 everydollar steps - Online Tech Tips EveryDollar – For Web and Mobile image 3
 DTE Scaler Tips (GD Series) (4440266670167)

---

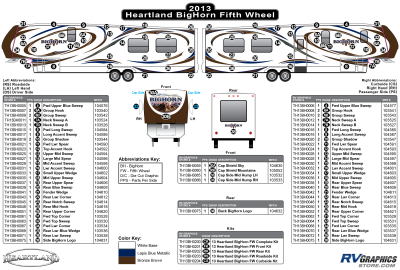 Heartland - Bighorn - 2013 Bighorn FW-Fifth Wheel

...

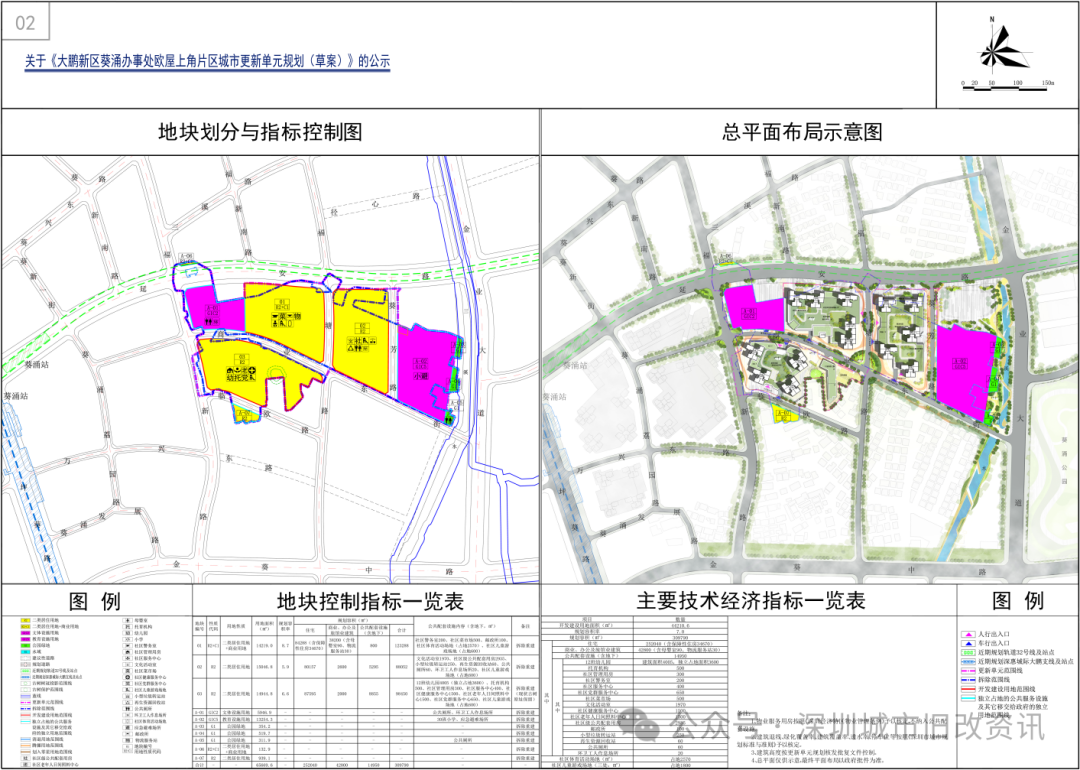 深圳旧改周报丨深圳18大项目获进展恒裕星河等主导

▶ _TASK TO CARRY OUT_
Return a word-for-word copy of the lines above from the one holding "everydollar steps - Online" through the one holding "DTE Scaler Tips (GD Series) (4440266670167)", with both of them included and nothing besides.

▶ _RESULT OF THIS TASK_
 everydollar steps - Online Tech Tips EveryDollar – For Web and Mobile image 3
 DTE Scaler Tips (GD Series) (4440266670167)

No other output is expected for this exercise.